### ACTIVITY:
An exact restatement of the entire listing is needed, excluding all images.

### RECORDED DATA:
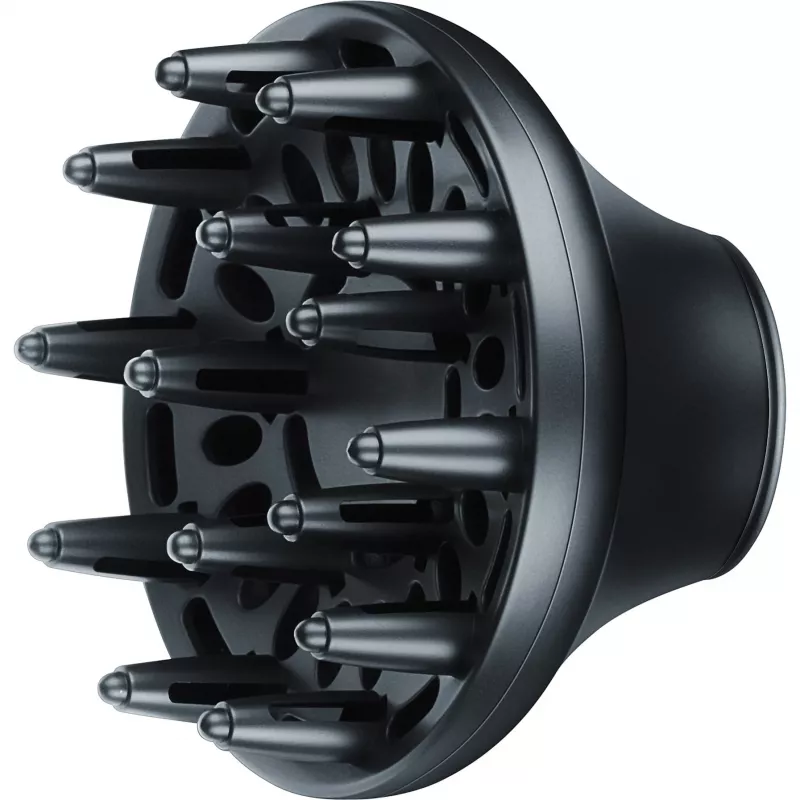Beurer hair dryer Triple Ionic HC 80 AC (591.15)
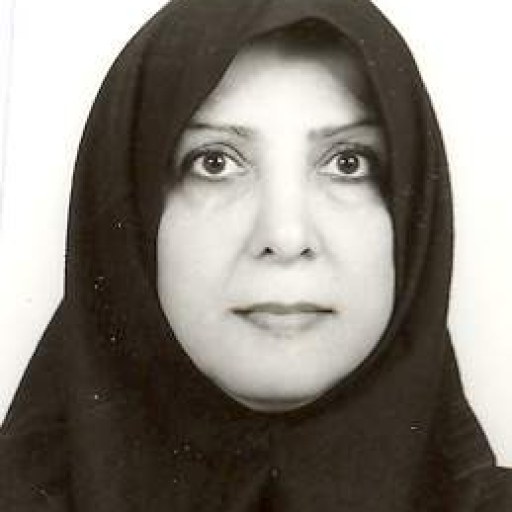 تصویر اکرم پورنگ نیا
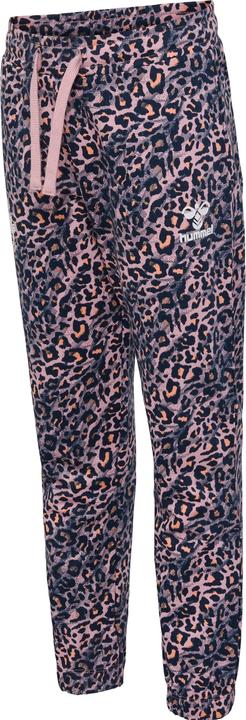 Produktbild hummel Hmlfsk Smile Pants (140)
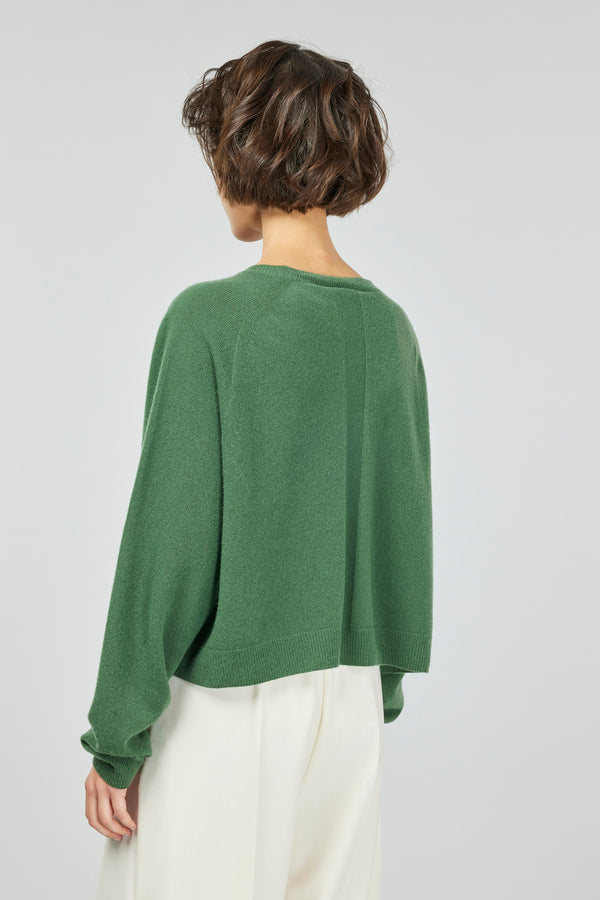Semicouture Maglia pattie | semicouture Offerta San Valentino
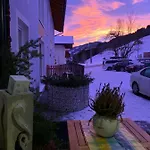 Zeffererhof Schladming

### ANSWER TO THE EXERCISE:
Beurer hair dryer Triple Ionic HC 80 AC (591.15)
 تصویر اکرم پورنگ نیا
 Produktbild hummel Hmlfsk Smile Pants (140)
Semicouture Maglia pattie | semicouture Offerta San Valentino
 Zeffererhof Schladming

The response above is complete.